En juin 2023, le gouvernement a lancé le 2e plan quinquennal pour le Logement d’abord. Inspiré du concept américain Housing First, Le logement d’abord est présenté comme un changement de paradigme dans l’accès au logement des personnes sans abri. Le principe ? Permettre à ces publics d’accéder directement à un logement de droit commun, depuis la rue, sans passer par les étapes classiques - dites « en escalier » - de l’hébergement social.

Un accompagnement social renforcé, censément sans durée limitée, est mené pour accéder à ce logement, s’y installer et s’y maintenir. S’il existe différentes formes d’application de ce programme dans les territoires, les deux piliers du Logement d’abord (LDA) sont partout les mêmes : le logement et l’accompagnement social.

Rétablissement

Pour Cédric Sadin-Cesbron, éducateur spécialisé de formation, aujourd’hui responsable de formation supérieure et recherche pour Ocellia, l’aspect « révolutionnaire » du LDA tient à la fois de la philosophie du rétablissement, proche de l’autodétermination, de celle de la réduction des risques, de la prévention spécialisée ou encore du mouvement d'empowerment

« On ne parle plus de projet de vie personnalisé mais de rêve.
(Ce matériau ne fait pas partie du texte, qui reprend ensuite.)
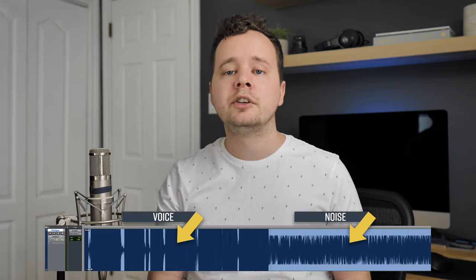We want to set our levels conservatively so we can press record and know it's not going to clip while we're focusing on reading the copy and delivering that read to the client. A common question is: can I just record really quiet and boost it later in post? Yes, technically you can, but we don't recommend it. All audio equipment has what's called a noise floor, and if you record really quiet, the noise will also be quiet — and as you boost your voice, the noise comes up with it.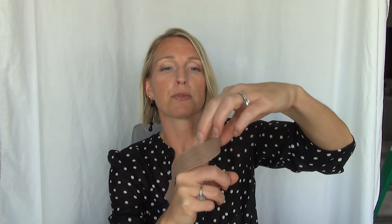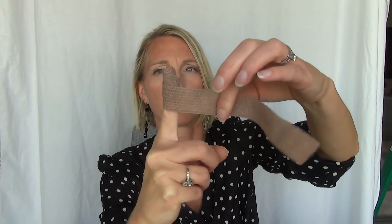Say your index finger is swollen — you want to wrap it starting at the tip. Always start at the top, because if you start at the bottom and wrap up, your swelling will go up and your finger will be really sore and swollen. So start at the tip and slowly wrap the Coban on itself. See how I just wrapped it halfway on itself — notice I didn't pull it tight.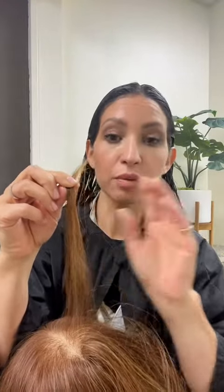If they didn't lift that nicely and it's lighter right through here — because it was closer to the head and it's new hair growth — and it's darker on the ends because they had old color, I would need to mix up two different formulas.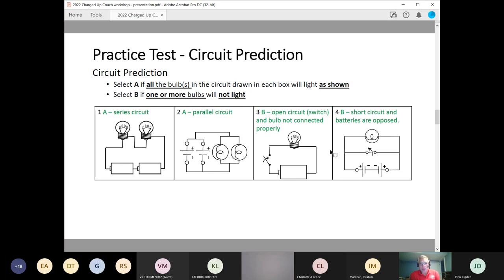Example three has a battery with a switch in the open position and a bulb. The answer here is B — the bulb will not light as shown because the switch is open. Number four has two batteries opposed to one another with reverse polarity, a normally closed switch short-circuiting the batteries, and a light bulb in parallel with that switch and batteries. This is a short circuit, so no bulbs will light — the answer is B.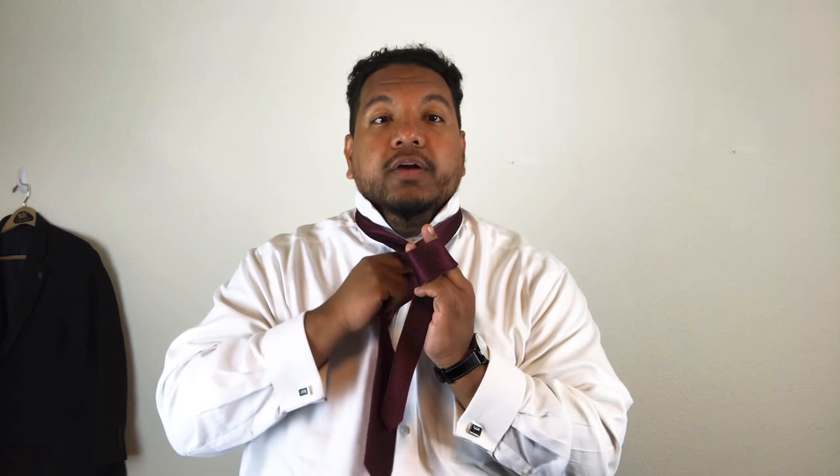You're going to have the long end of the tie, or the fat end, and then you're going to have the skinny end. The big end goes over the small end, then comes around — going essentially under, then flipping right back around. You're going to use your hands right here to hold basically a knot.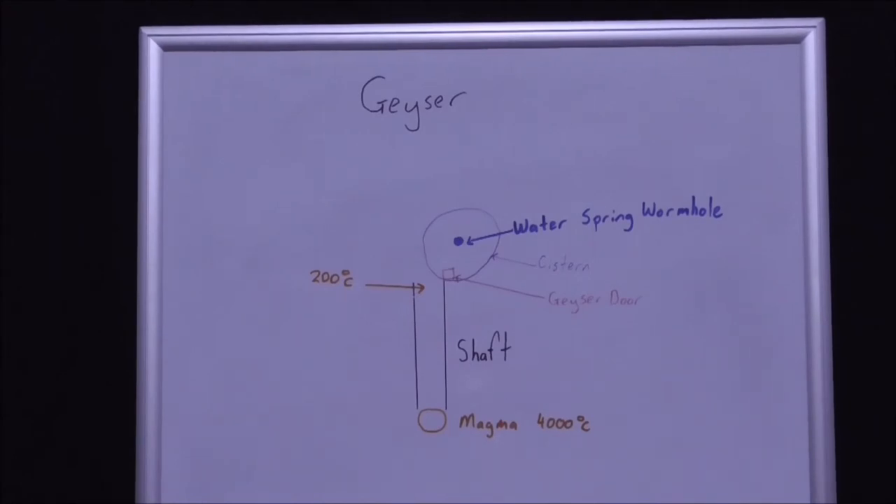Hello, in this video we're going to discuss how a geyser works. This is going to come as a surprise to everyone who does not know this technology. Firstly, a geyser is deliberately created and it uses a mechanical device.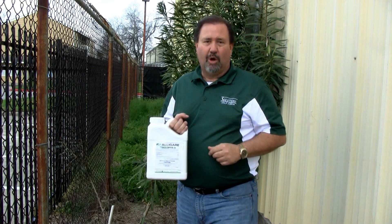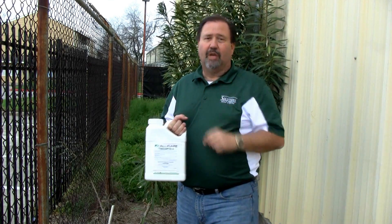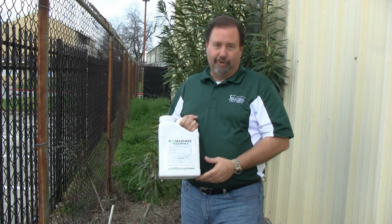Again, this product is going to provide great control along fence rows and also taking out some of those unwanted trees. I'm Keith McCoy with Solutions Pest & Lawn — ask us how, then do it yourself.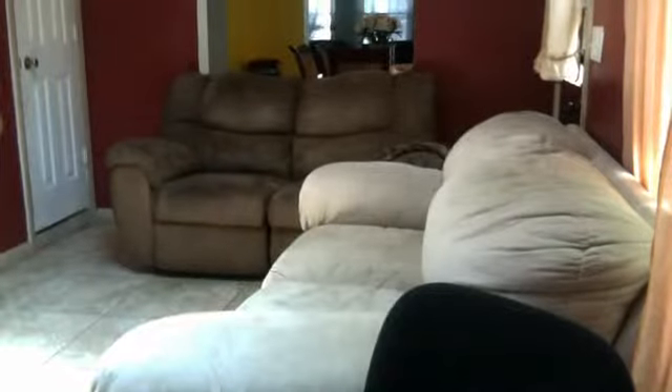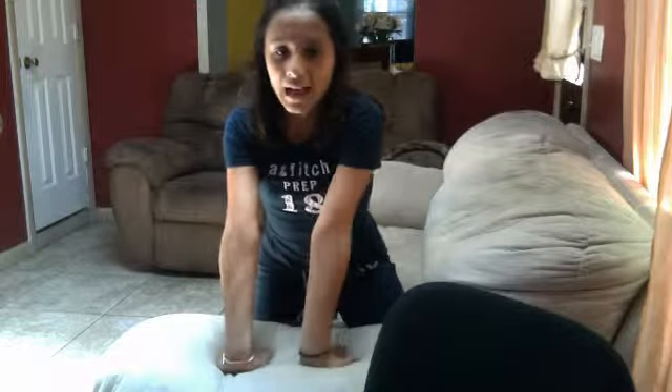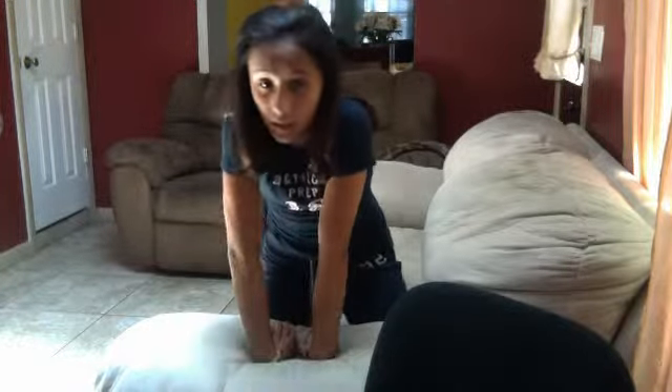Now we're going to stretch out our wrists. What you're going to do is put the palms on the floor like this — let me move so you can see. Actually, I'm just going to do it on the couch. So you want to be like this: put your hands right here, just like this, and lean back for 10. Then you want to do it like that but have them facing towards you with your palms up.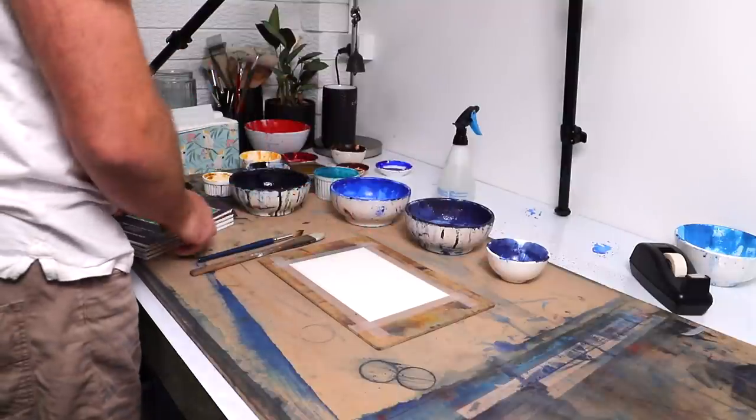Tonight we're going to look at some techniques that a lot of beginners struggle with in watercolour. We're going to be painting on a pretty small scale.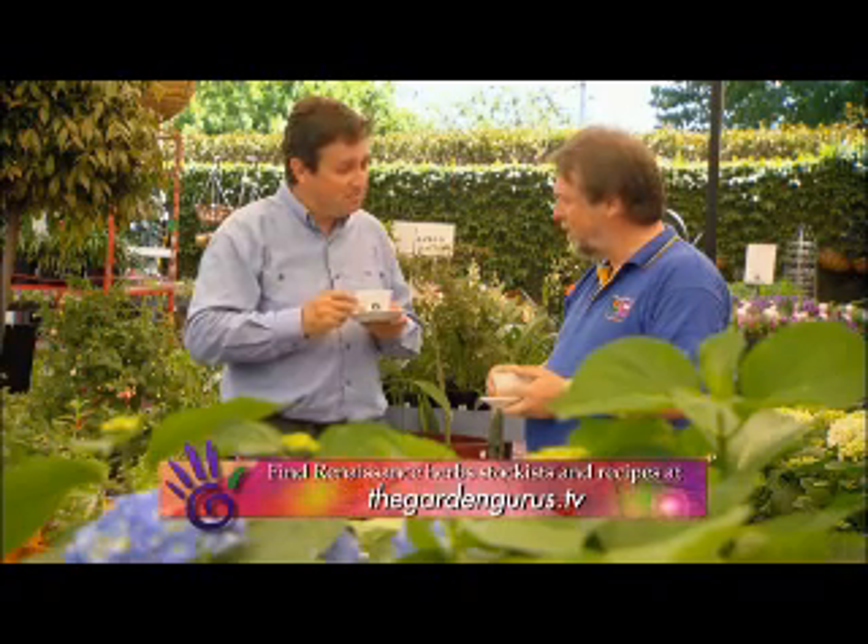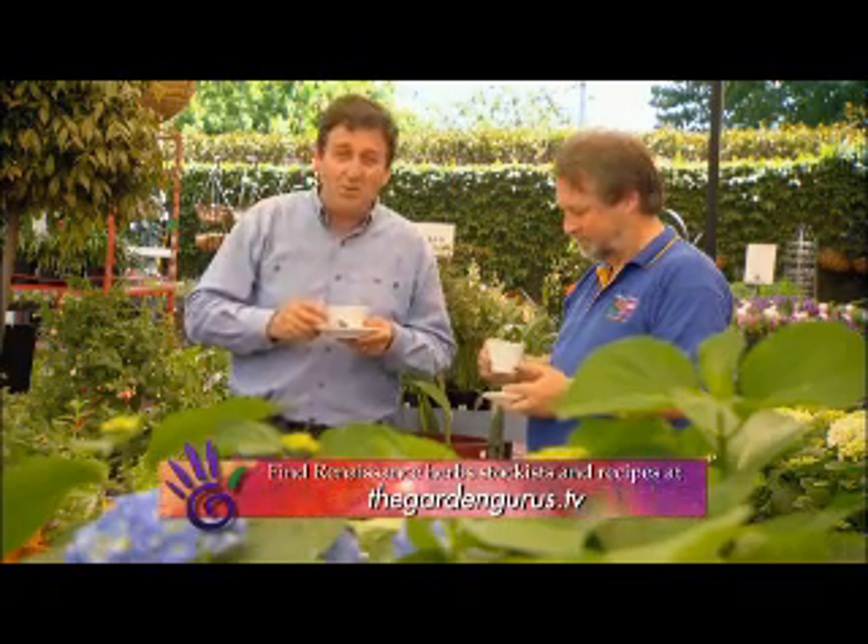Just what you need. How about giving us your top ten recipes and we'll post them on the website for people to download? Done — you'll have them tonight. Well there you go, that's something to look forward to.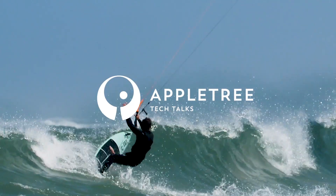Hello everyone and welcome back to another Apple Tree Surfboards Tech Talk video. Today we're going to talk about the flex in a kiteboard. We offer different construction types and every construction type comes with different flex patterns, and that makes quite a difference in how a board rides.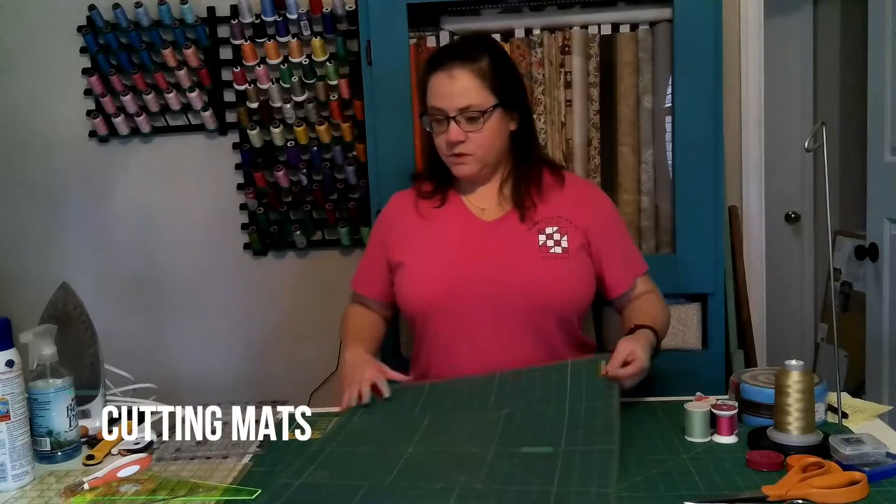Hi there, it's Phoebe from Quilted Pig, here today to talk to you about a few of the tools that you need to get started quilting. First, we're going to start out with: you need a cutting mat.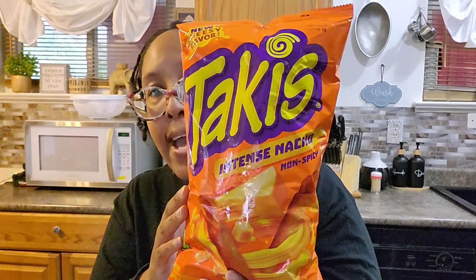I have reviewed Takis on this channel before — I reviewed the blue ones, and I'll try to link that in the description below. They were hot and blue, and it was not that good. But I was surprised to see that Takis has made a non-spicy version, and I'm going to give it a try.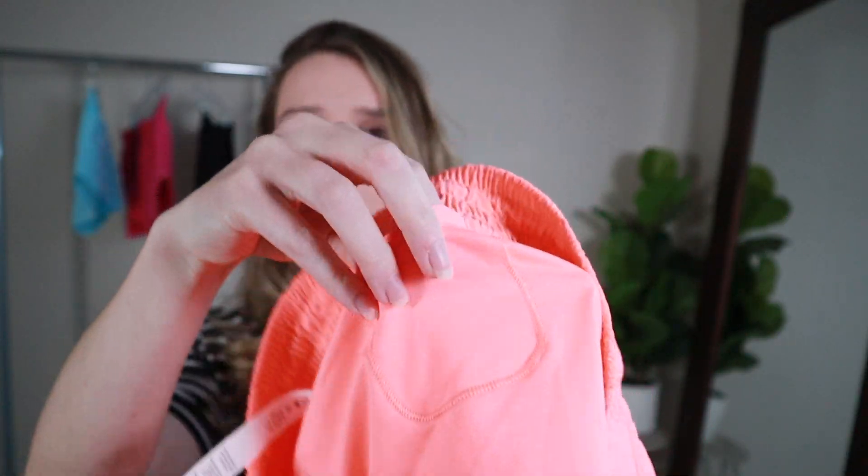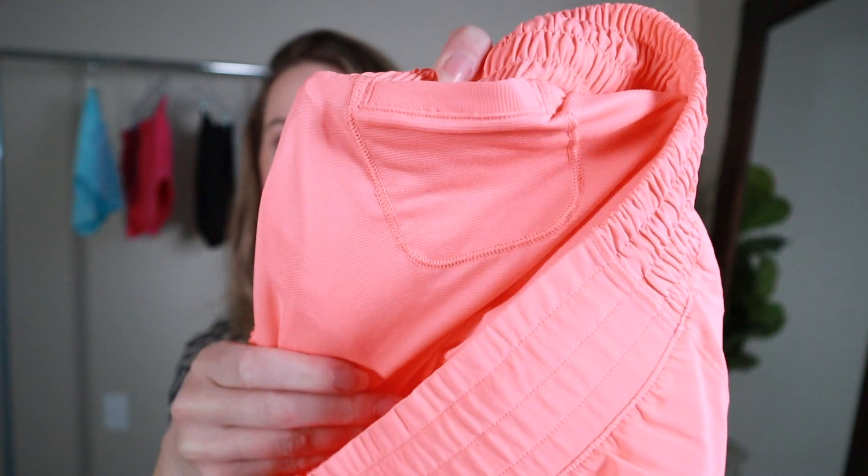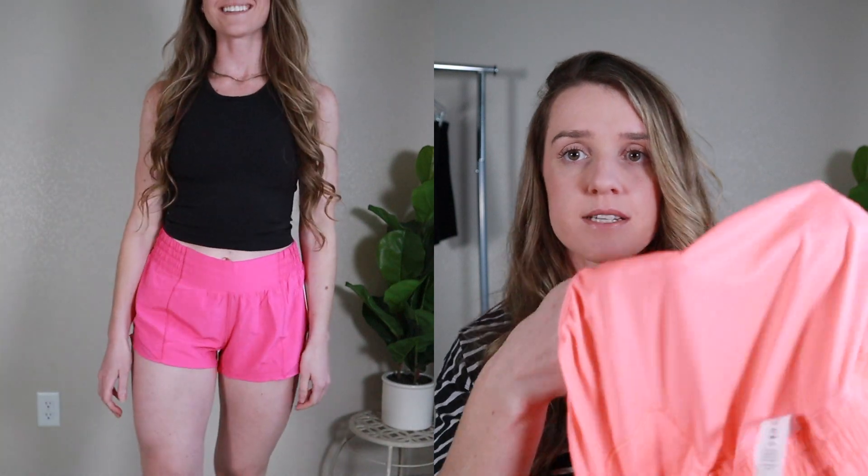They do have reflective details on the side right here and a little bit of a mesh material on each side. It also has a hidden pocket right here where you can easily fit a key, and then it also has a little hidden pocket on the inside here, but it doesn't have a zipper — you can easily put another key in there. Those are the details of the front of the shorts. It does have a built-in liner. It's the same color as the shorts. I believe most of the shorts have the same color liner except for the white ones — I have a couple white shorts and they have a tan liner. With the 2.5 inches, you still feel comfortable and covered because they have the built-in liner.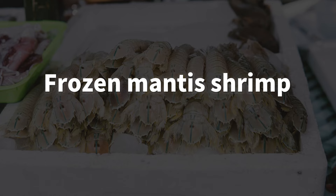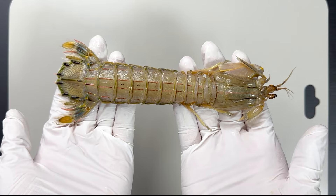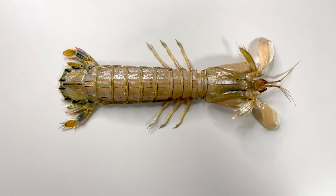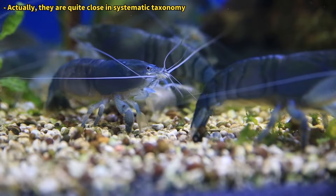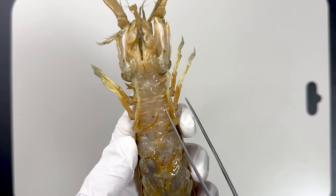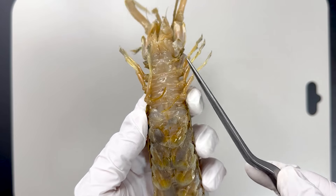I have here a frozen mantis shrimp that I bought for this experiment. When you extend its limbs, it slightly resembles an insect. Many crustaceans have this insect-like appearance and are often referred to as sea insects. However, among them, the mantis shrimp arguably resembles a large insect the most.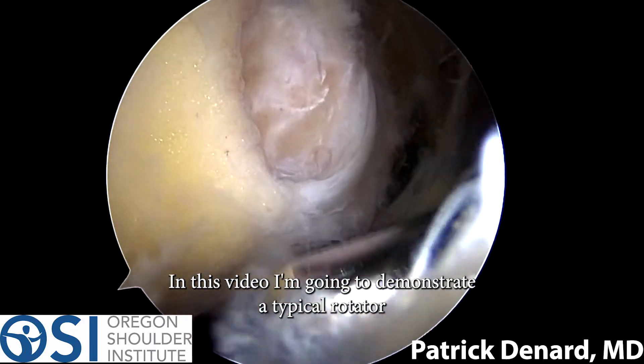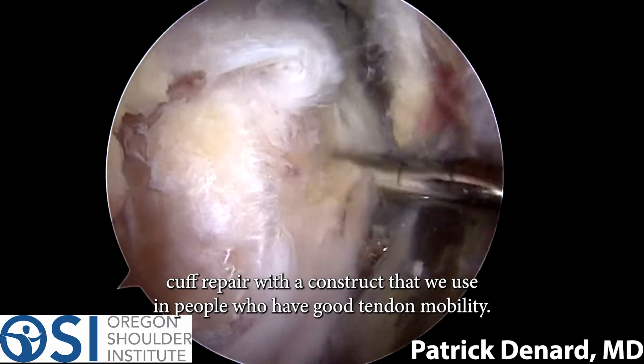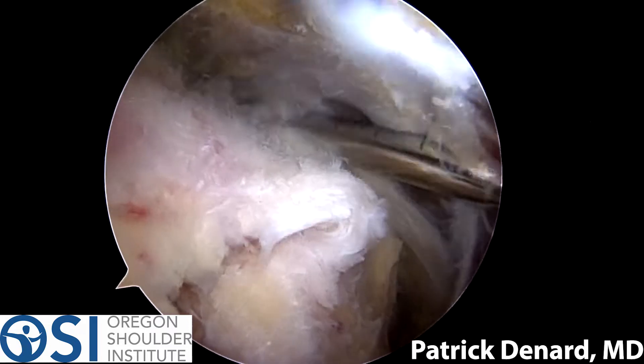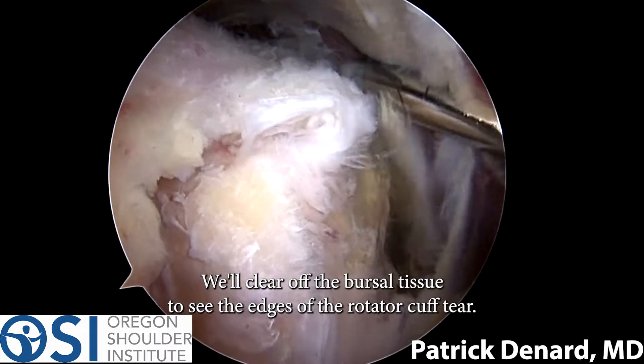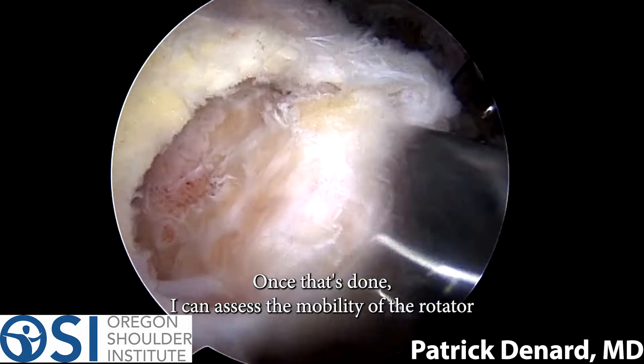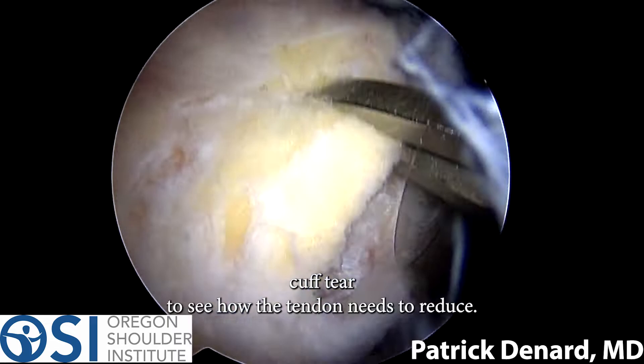In this video I'm going to demonstrate a typical rotator cuff repair with a construct that we use in people who have good tendon mobility. I'm looking from the back of the shoulder, and we'll clear off the bursal tissue to see the edges of the rotator cuff tear. Once that's done, I can assess the mobility of the rotator cuff tear to see how the tendon needs to reduce.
Où le travailleur social est une ressource pour accompagner la personne à réfléchir à ce rêve, le faire évoluer, réaliser ses choix et les concrétiser ». « Le Logement d’abord vient avec les notions de rétablissement, d’émancipation, de liberté d'agir et de choix », résume de son côté Lionel Thibaud, chef du service Totem (1) à Grenoble, qui accompagne 25 personnes de la rue au logement.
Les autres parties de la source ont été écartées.